# How can I erase floppy discs securely?



## sgould (Apr 14, 2006)

I no longer own a viable Mac with a 3 1/2 inch floppy drive.  

I'm having a clear out and need to throw out a load of old 800 and 1.44 floppies (possibly some 400 ones as well!).  What is the simplest and quickest way of erasing all data and making it unrecoverable at the same time?

Or is it best just to burn the lot?

I could probably borrow a PC with a floppy drive.


----------



## albloom (Apr 14, 2006)

Burning the lot has appeal. But it stinks.

Try an audiotape degausser from, say, Radio Shack.
I forget what it's called in the UK. Memory is the
second thing to go.


----------



## symphonix (Apr 14, 2006)

I always found a household woodchipper to be a fairly final way of destroying old floppy discs. Not many people can recover data from a disk that is in a hundred tiny pieces. I've done this once for a company I was working for, and the woodchipper made short work of turning two filing cabinets full of discs into three buckets of debris. Wear safety glasses, you don't want someone's WordPerfect documents in the back of your eye.

Oh, yeah, and don't burn them, the fumes are pretty awful and dangerous.


----------



## sgould (Apr 14, 2006)

I hadn't thought of the chipper - I've got one in the shed!

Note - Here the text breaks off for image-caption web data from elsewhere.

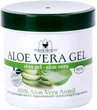 Gel met aloë vera-extract, 250 ml, Herbamedicus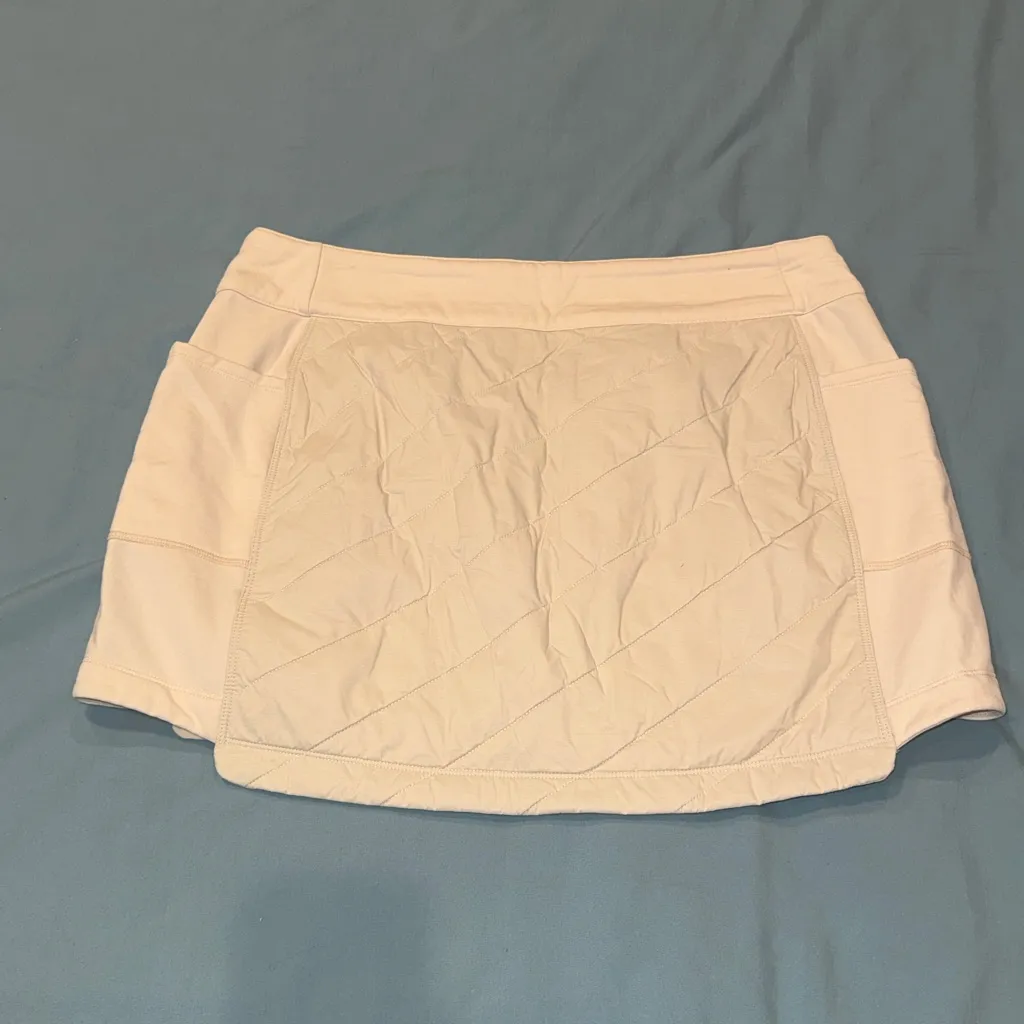 Smartwool Women’s Smartloft Skirt Large - Image 8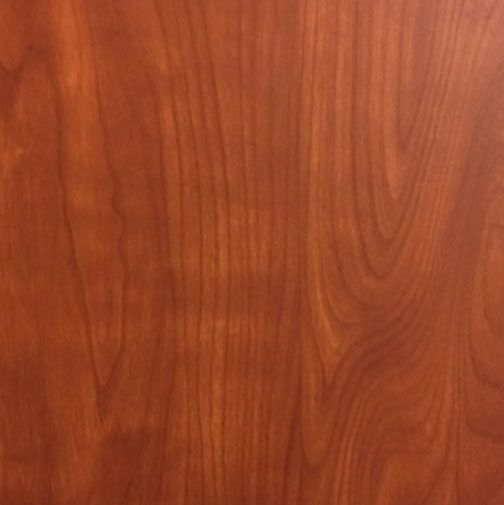 Color 103 WA Wild Cherry<br />Matching back option available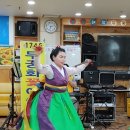 독도아리랑 정기공연 이미지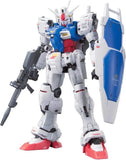 RG Mobile Suit Gundam 0083 STARDUST MEMORY RX-78GP01Gundam Zephyranhes Model kit Model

No problem with safety gear - I use it at work - see avatar! 

If I burn them it will be in the incinerator at work.

Thanks all!


----------



## adambyte (Apr 14, 2006)

I'd go with a degausser ... or, just find a really strong magnet of your own and give it a few swipes.


----------



## easterhay (Apr 14, 2006)

I used to use this when I had a PC: http://www.pcworld.com/downloads/file_description/0,fid,22963,00.asp
If you can borrow a Windoze machine it should do the job.
Nowhere near as much fun as the woodchipper though!


----------



## sinclair_tm (Apr 14, 2006)

if you have a woodchipper, use it.  but other than that, when my dad wanted to destroy disks, he'd bust it open, tear the metal piece out of the middle and then run the media in a paper shredder, or if no shredder, then just wad it up into a ball.  once its creased, theres no using it again.


----------



## sgould (Apr 15, 2006)

I have found an old laptop at work in a cupboard.  It has a floppy drive and seems to work.  It's running windows 98.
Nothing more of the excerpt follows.